Wednesday, June 22, 2011

Learning German: die Heimat

In a conversation with an Austrian girl at a party recently, she described Minnesota, where she had spent an exchange year during high school, as her "zweite (second) Heimat." And that struck me as strange, because a lot of times I don't feel like I have any Heimat at all.

Your dictionary will tell you that Heimat means "home," but that makes it sound like Heimat is about your house and your family, when that's not the case at all. "Homeland" is a little better, but "die Heimat" existed long before nineteenth-century nationalism and its conceptualization of the nation as a political community came about. As far as I can tell, Heimat is a sense of rootedness, the security of knowing that you belong to a place, and not because you happen to live there now, but because you and your family have always been there, since as long as anyone can remember. 

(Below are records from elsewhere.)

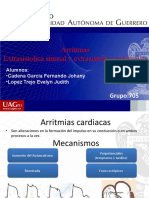 Arritmias Extrasistolica Sinusal y Ventricular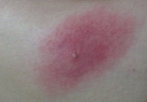 Illustrative image of the article Spider Bites: How to Identify & Treat Them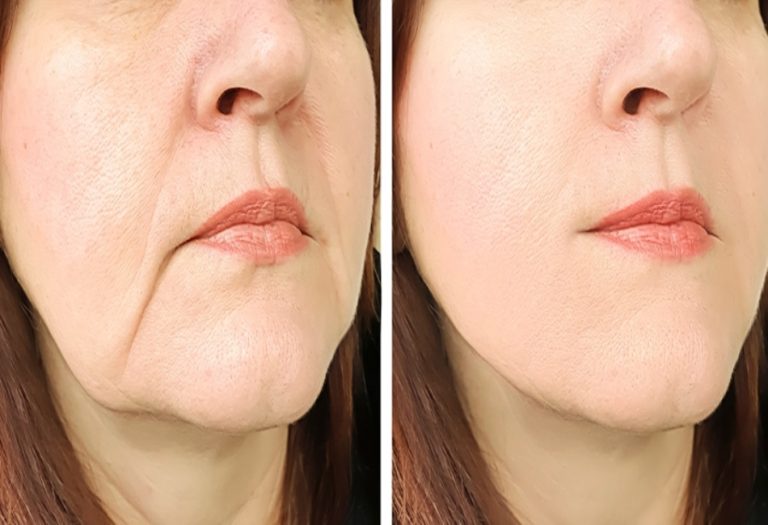Post-Procedure Care: Maximising Results from Fat Transfers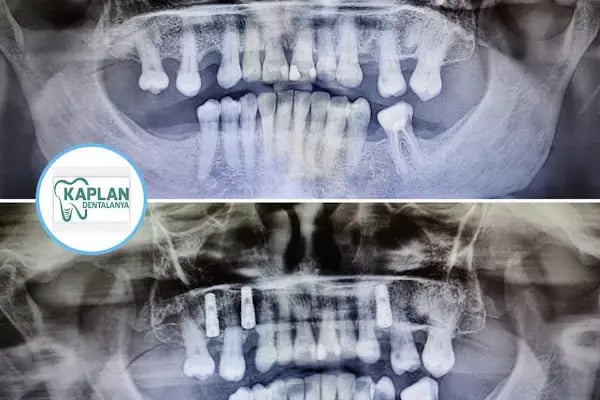 Kaplan DentAlanya Ağız ve Diş Sağlığı Polikliniği - Resim 17
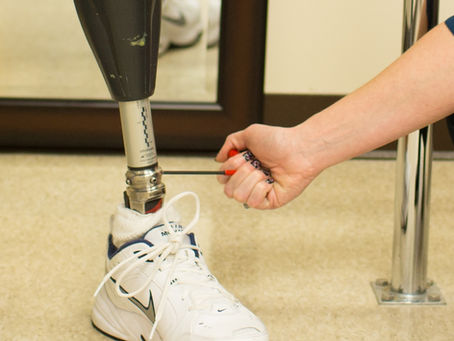 How Prosthetic Alignment Affects Comfort and Mobility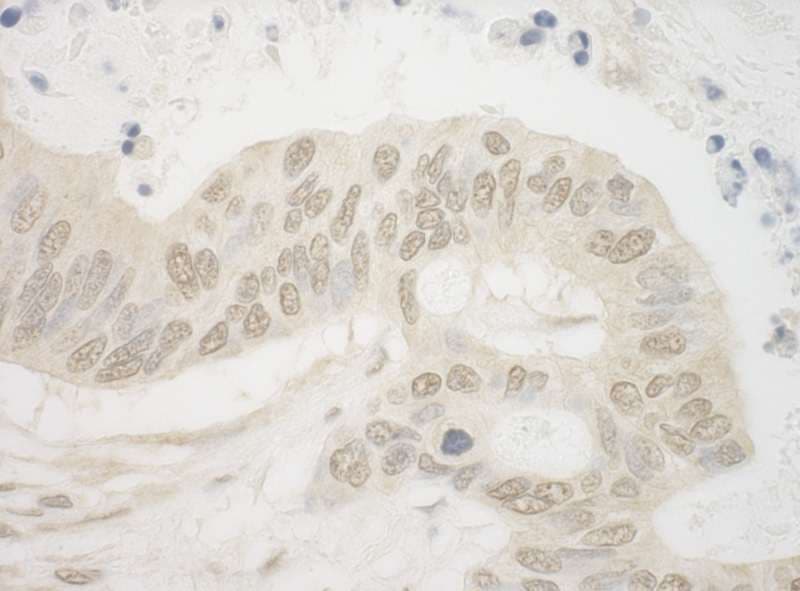 ARNT / HIF-1-Beta Antibody (aa1-50)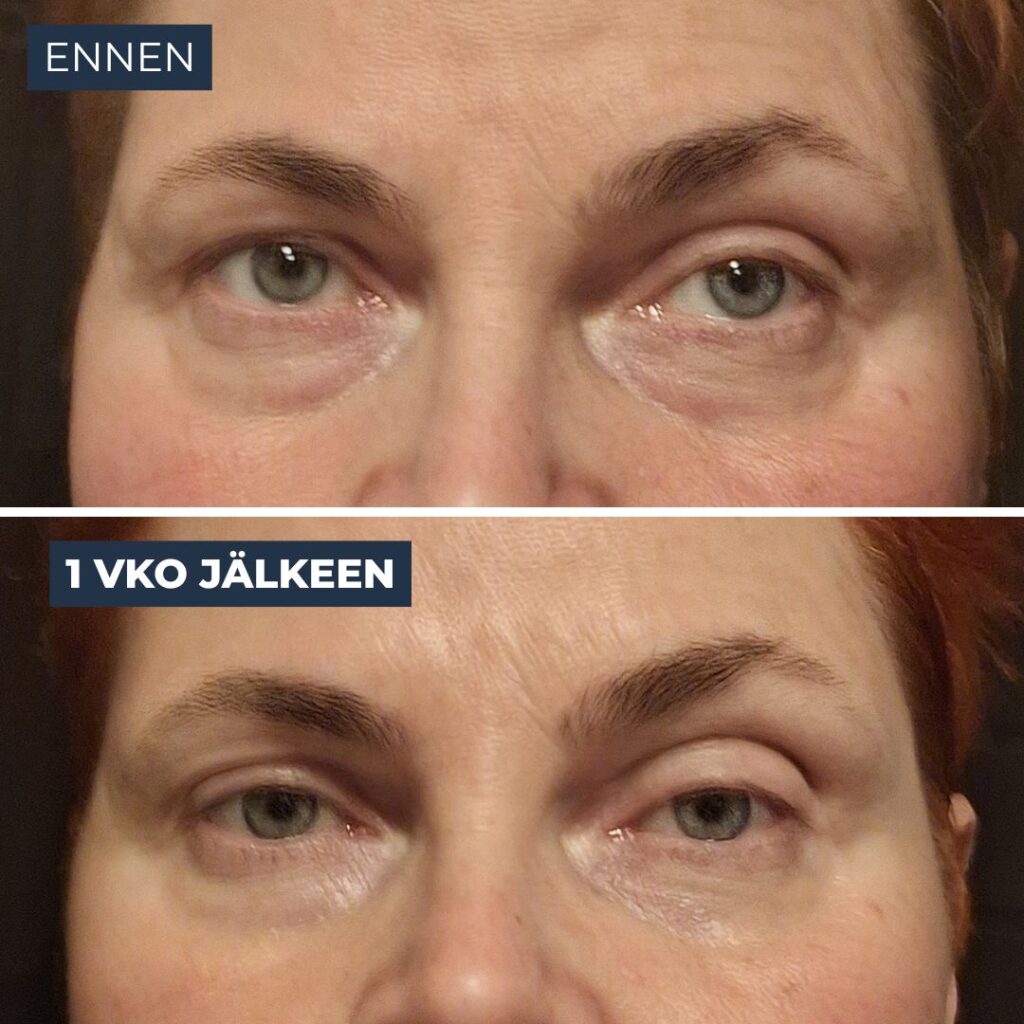 Rakkohauru silmänympärysvoide roll-on kokemuksia
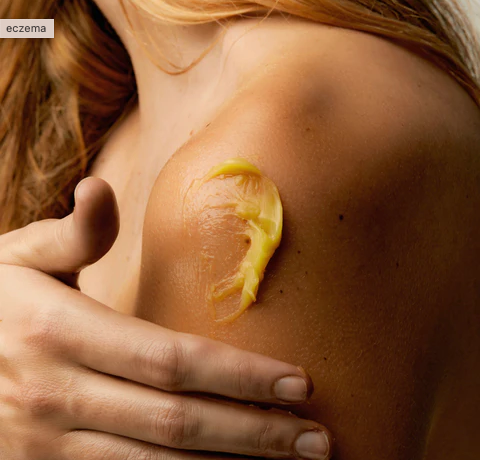 keratosis pilaris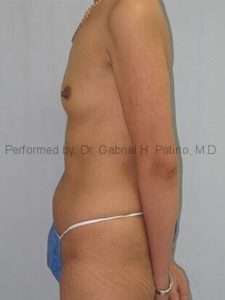  Before and After Cosmetic Surgery in Oakland, CA 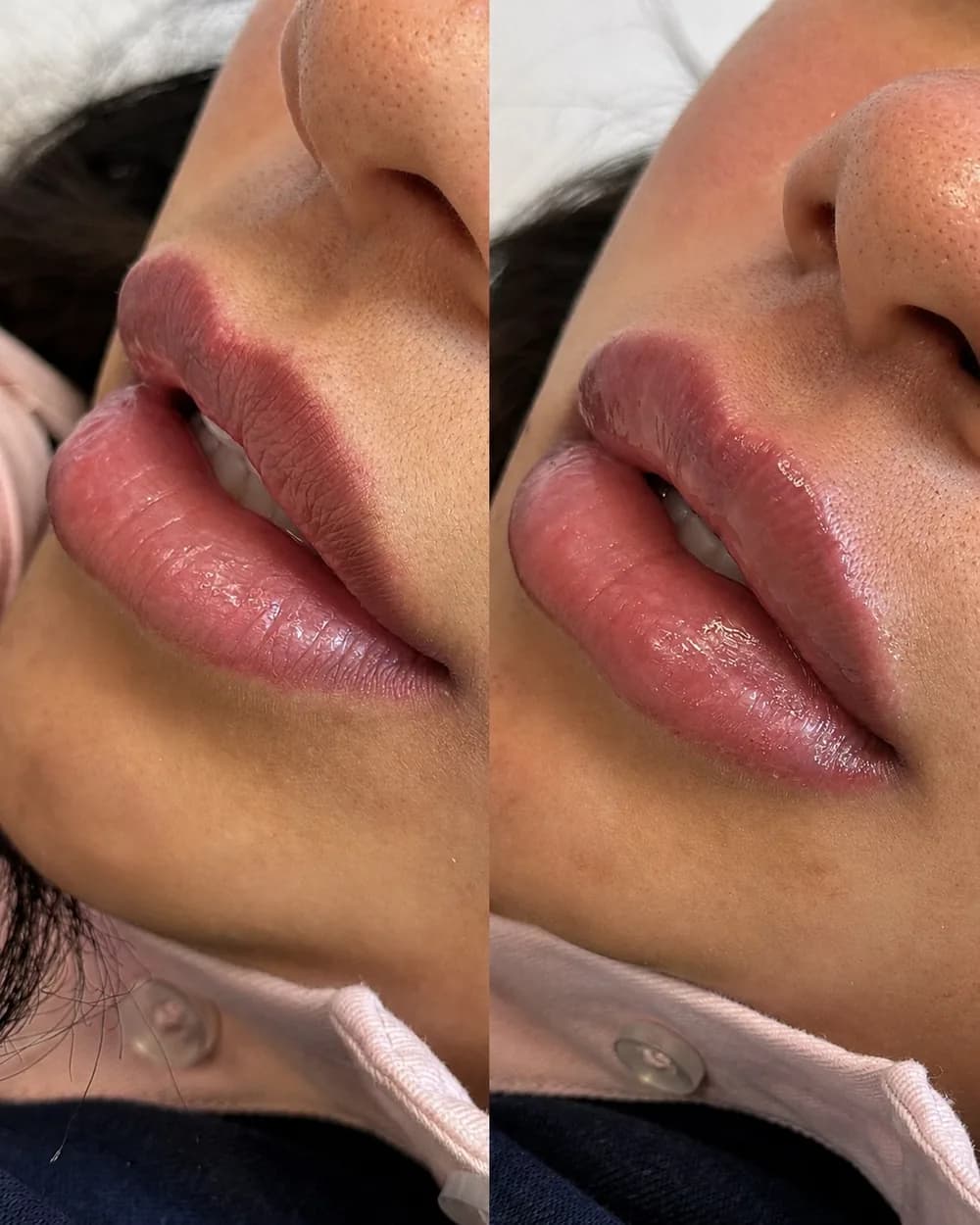 Resultado Preenchimento labial — Da Vinci Aesthetic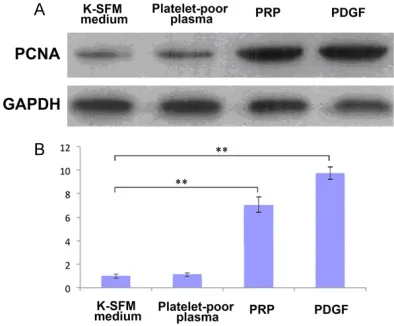 Figure 5. Detection of cell migration ability of the isolated epidermal stem cells by transwell assay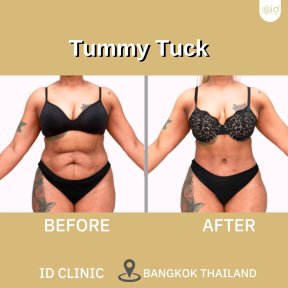 before-after photo tummy-tuck-and-liposuction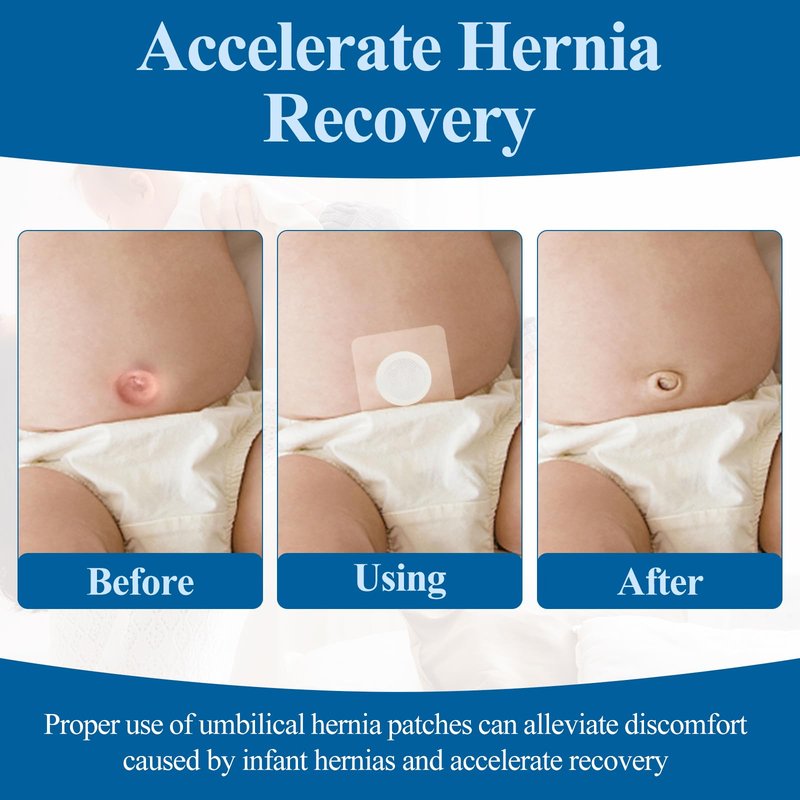 15Pcs Baby Belly Navel Patches Belly Button Patch Umbilica Hernia Belt Baby, Hernia Patch for Infants, Correction Button Wrap Shaper 8×8cm with Water-Resistant Cotton Pads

It reminds me of the lyrics to "If I Should Fall from Grace with God," written about Ireland by London-based The Pogues:

          This land was always ours
          It was the proud land of our fathers
          It belongs to us and them
          Not to any of the others

And that's something that I, as an American, will always feel like I'm missing. I do feel connected to Pittsburgh, and to Pittsburgh's industrial history, to a greater extent than a lot of my American friends do to their birthplaces, because I know that my family was part of it, but that history begins in 1830. Before that, Pittsburgh was something else, something foreign that I feel no connection to, and my ancestors were farming on the steppes of Italy and the flat plains of Poland. 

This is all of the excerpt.